Well, my Oscar has hit a growth spurt and my parents a few houses down have a giant lake that we dug about 2 months ago. There are plenty of little minnows EVERYWHERE, along with tadpoles, and quite a few feeder goldfish and some giant goldfish around 10inches or so. The pond/lake is approximately 90,000 gallons. It is cloudy, but I was wondering if it would be possible to let the Oscar loose in that pond... I know he will turn into a predator fish, but he will be among some larger bass and will be on private property...
One concern is, if the Oscar becomes a giant... Will he try to eat people who swim in the pond? Or will he just be a predatory fish and ignore people? I figured that since Oscars are native to Florida waters that it wouldnt be too bad for the Oscar... what do you guys think?
its either this, or send him to an LFS... which I dont want to do because I doubt anyone around here will buy him, let alone take care of him.


----------



## Potus (Dec 11, 2009)

He will not eat people


----------



## amakayov (Sep 2, 2010)

haha... i know it was kinda a weird question, I meant more of take a bite outta them... cause apparently koi get really aggresive even towards people when they get too big... But will he be fine in the pond do you think?


----------



## BillD (May 17, 2005)

How cold does it get in the winter?


----------



## TheFishGuy (Apr 21, 2005)

Oscars are not native to florida waters.
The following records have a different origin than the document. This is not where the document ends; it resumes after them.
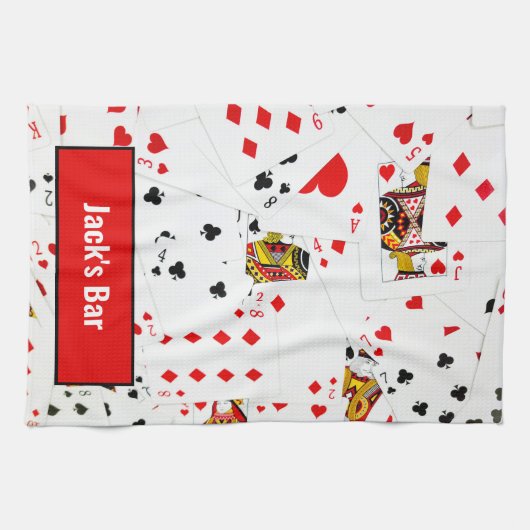 Collectie speelkaarten theedoek (Horizontaal)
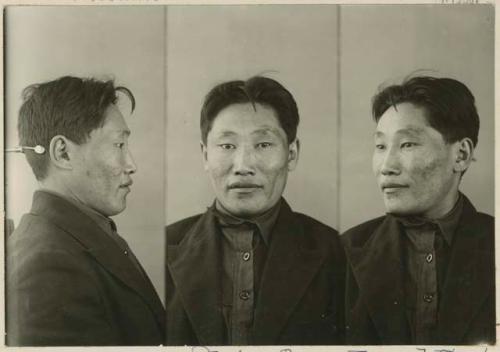 Studio portrait of a man, three views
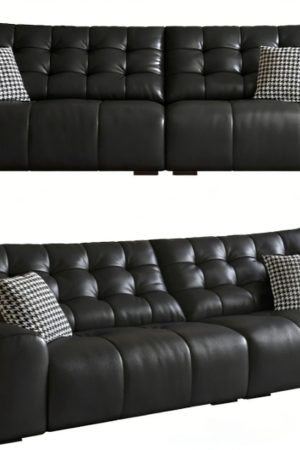 Top Grain Leather Three-Seat Sofa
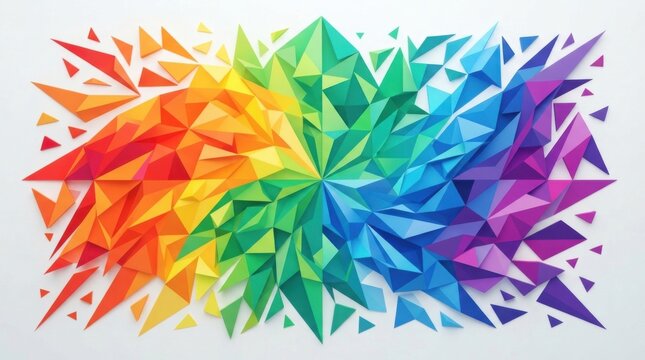 Abstract colorful geometric shape with triangle pattern fragments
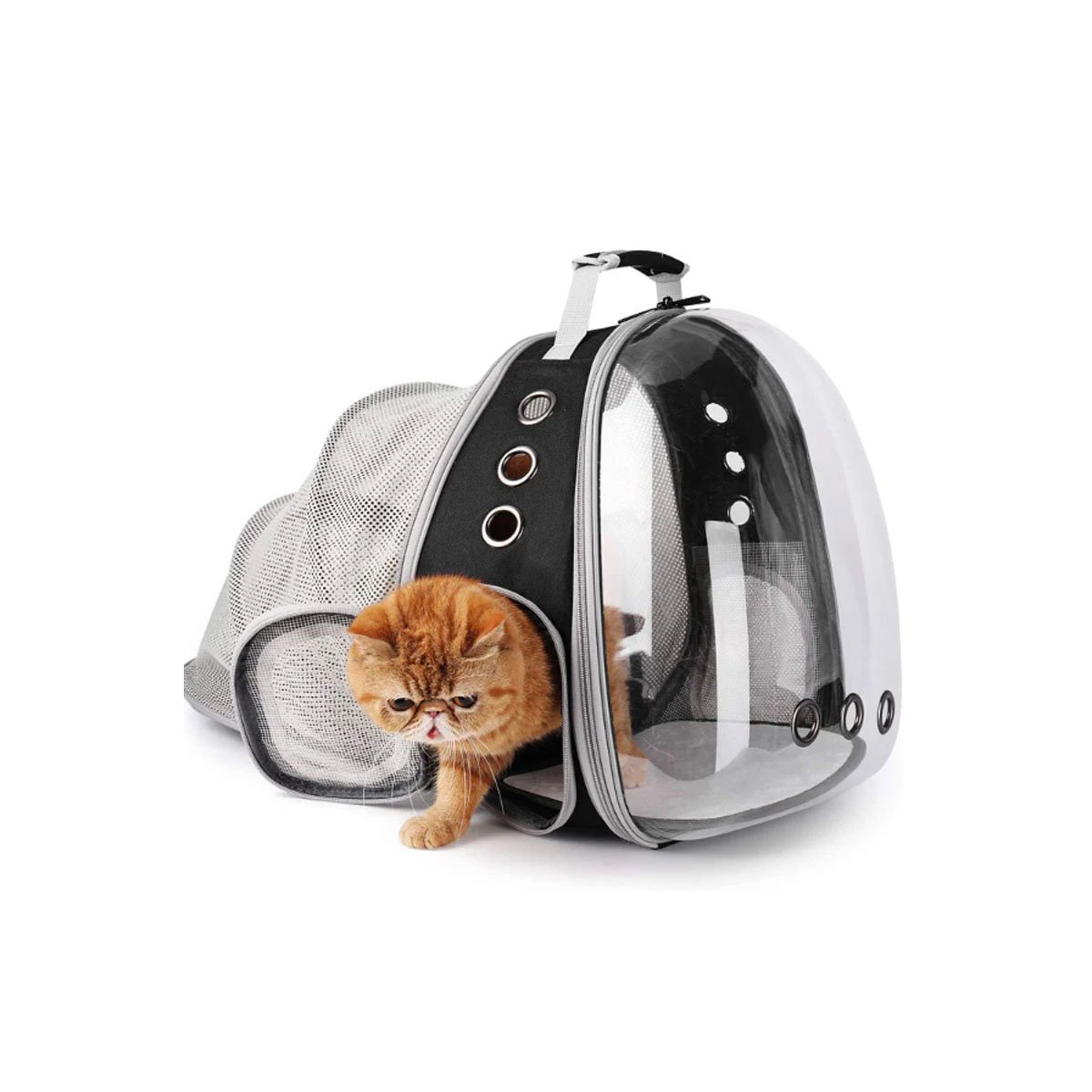 MOCHILA TRANSPORTADORA PARA GATO EN NEGRO CON BURBUJA VENTILADA Y BASE ESTABLE Y+REGALO STICKER - 3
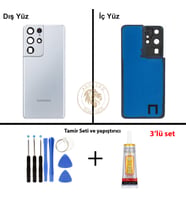 Samsung Galaxy S21 Ultra Gümüş Renk Lensli Arka Kapak + Tamir Seti + B7000 Yapıştırıcı Arka Cam Batarya Kapağı Pil Kapağı Lazer Kesim Back Cover Galaxy S21 Ultra Uyumlu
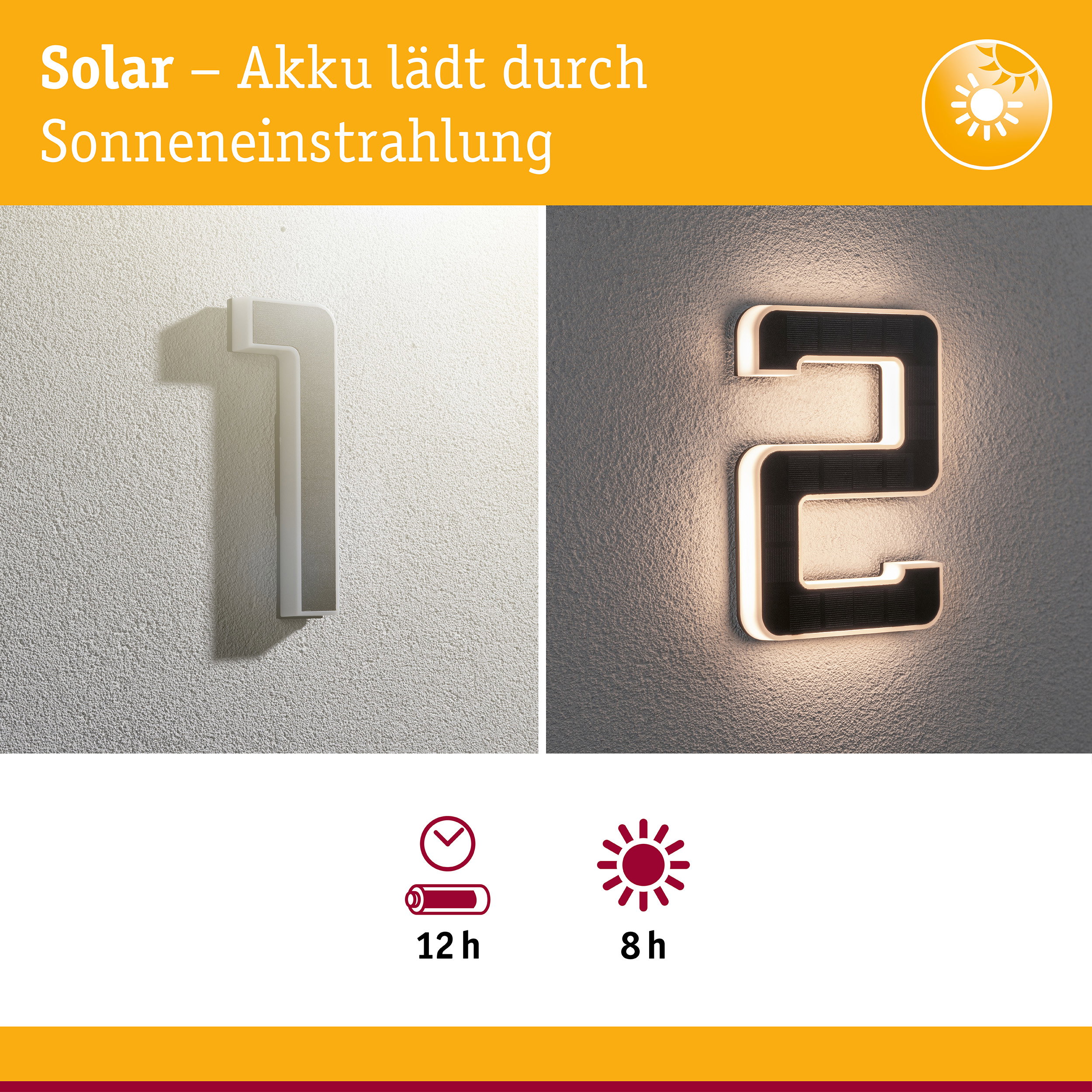 Solarbetriebene Hausnummer mit weißem Rahmen und LED-Beleuchtung für energiesparende Außenbeleuchtung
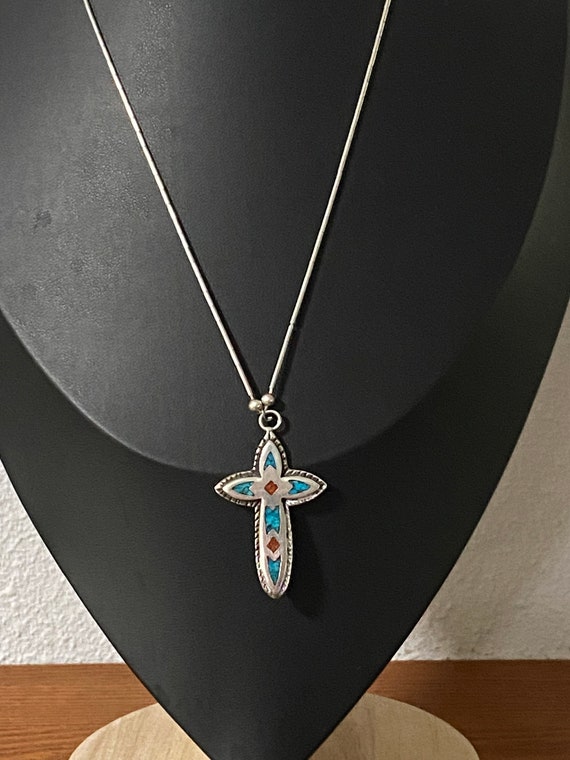 Lovely Estate Silver Cross Pendant Necklace With … - image 5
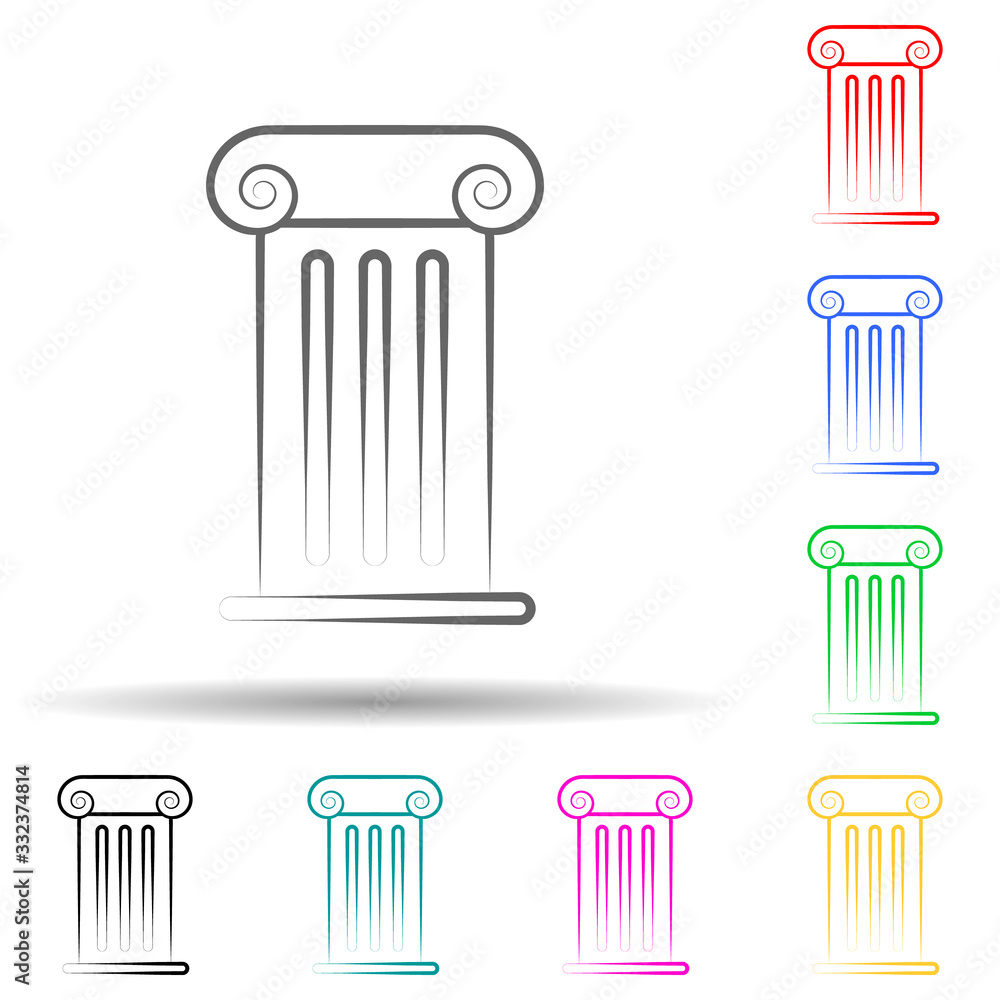 Aufkleber column multi color set icon. simple thin line, outline of theatre icons for ui and ux, website or mo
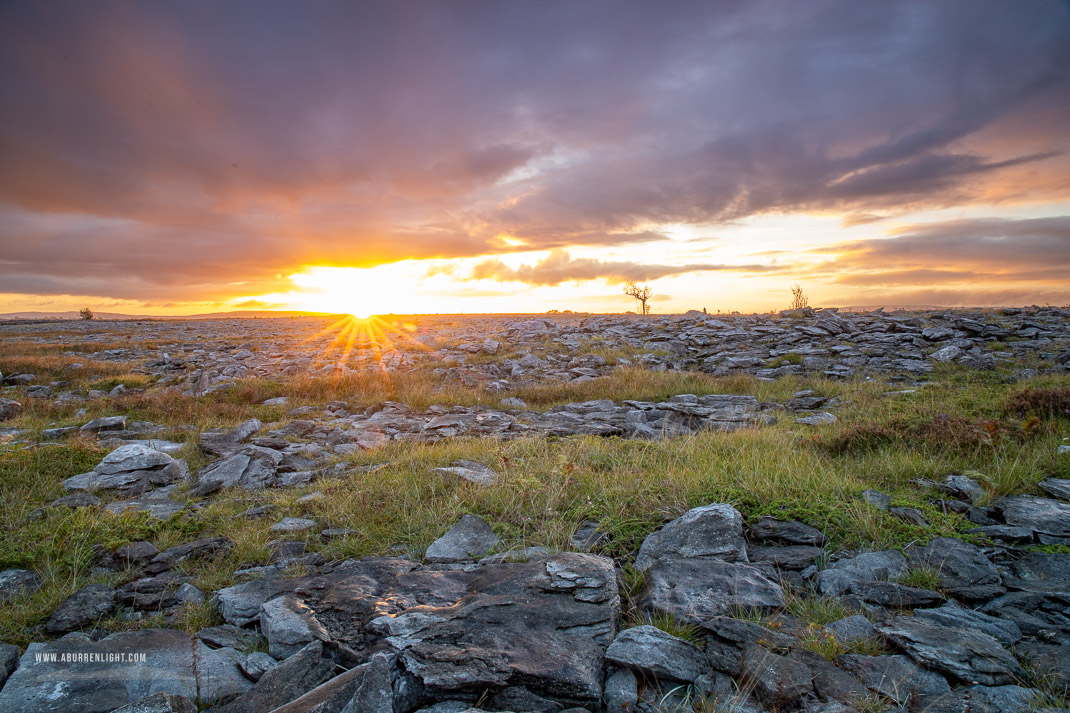 The Burren Clare Ireland - autumn,lowland,orange,september,sunrise,sunstar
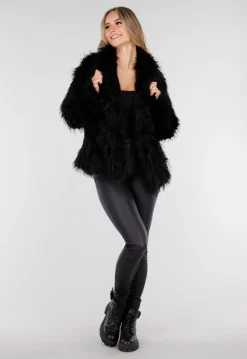Zwarte Faux Fur Jas met Langharige Textuur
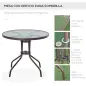 Conjunto de Muebles para Jardín con 4 Sillas 1 Mesa y 1 Parasol Texteline Aluminio y Poliéster Beige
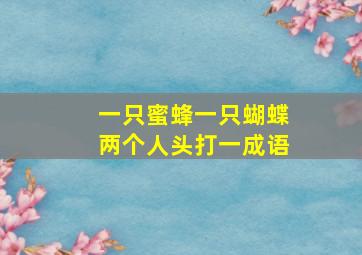 一只蜜蜂一只蝴蝶两个人头打一成语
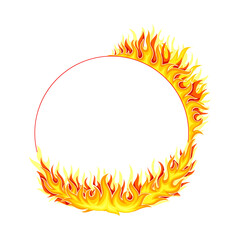 Fire Round Frame with Hot Burning Tongue of Flame and Border Line Vector Illustration
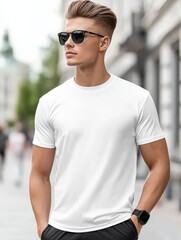 Fototapeta premium Man in white t-shirt and black pants standing against a neutral background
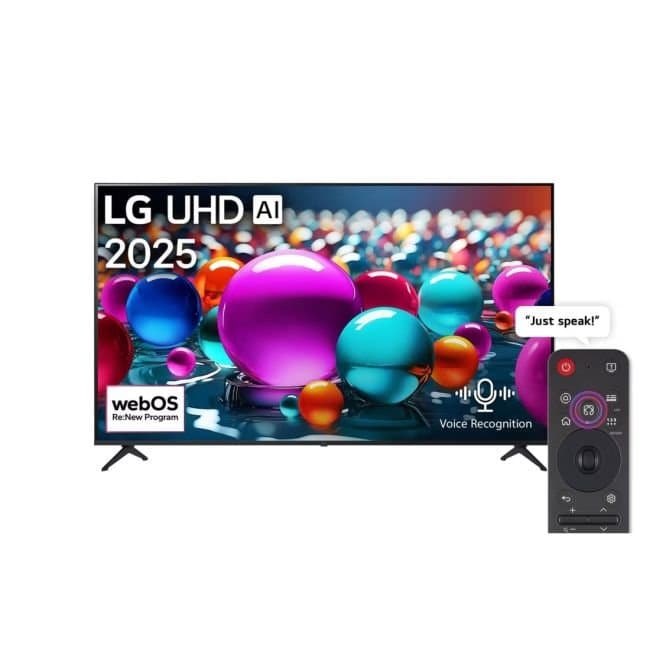 55 inch LG UHD AI UA85 4K Smart TV HDR10 webOS25 2025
They survive in Fl waters but only so far north. Your oscar will die in the winter months. Private property or not it is illegal to let a non native fish go.


----------



## amakayov (Sep 2, 2010)

Ok, then I wont put him in the pond. And sorry, my dad said they were native to Florida, but considering you probably know more than him I think I will take youre word on the Oscar 
The waters do get pretty cold up here, and i am nowhere close to Florida, I guess Mr. Oscar will be better off at an LFS or maybe I can get another tank 
Thanks for the help!


----------



## amakayov (Sep 2, 2010)

and going off of the letting non native fish go being illegal... koi and goldfish im pretty sure arent native to Virginia... is it illegal to have them in a pond technically?


----------



## matthew1884 (Jul 24, 2009)

*TheFishGuy*
as long as it is a private pond, it should not be illegal l, its not letting him go it is moving him to a private pond
like
*amakayov* said people have koi and goldfish in there ponds and that is not illegal.


----------



## TheFishGuy (Apr 21, 2005)

Having run a shelter for three years I've done many hours of research on this matter. I assure you it's illegal. Carp are a different story all together. And by carp I'm refering to koi and goldfish.


----------



## amakayov (Sep 2, 2010)

Ok, well I will definately take your advice  I appreciate it. Thanks everyone


----------



## Dj823cichild (Mar 30, 2009)

Can't you just get a bigger tank for him Amakayov. I would take him off your hands but still in the process of moving and getting a 300 gallon tank soon one day.


----------



## amakayov (Sep 2, 2010)

I wish I could, I really do... right now hes crammed in a 30gal tank  And I feel really bad that he barely has any room for anything.
I live in an upstairs apartment so the amount of aquariums and the sizes are limited. When I finally move into an actual house I plan on having 2 125 gal tanks... big dreams  haha 1 of them being an Oscar tank, and the Other being a Malawi Cichlid tank. I currently have a 75 gal Peacock tank, a 20 gal fry tank, and the 30 gal tank the Oscar is in... I cannot get another tank... no room and im afraid the floor wouldnt be able to hold it.


----------



## Dj823cichild (Mar 30, 2009)

I'm sorry if I missed it but how big is your Oscar now?


----------



## amakayov (Sep 2, 2010)

I wanna say probably around 5 or 6 inches... *** got a giant pleco in with him at the moment and he is about a third of the size of the pleco. I just put the pleco in from the pond since the water is getting too cold for him. But I am going to take him to a LFS tomorrow when I get home from work, I go there quite often, and as far as LFS's go, they seem to take pretty good care of their fish.


----------



## Dj823cichild (Mar 30, 2009)

Yeah I'm sure they will take him in np. Oscars are always popular and I know someone will buy him pretty fast at that size


----------



## amakayov (Sep 2, 2010)

I hope so, I just dont want to go in like a month later and find him in the same tank, you know? But one day I will have a big tank for two oscars  haha


----------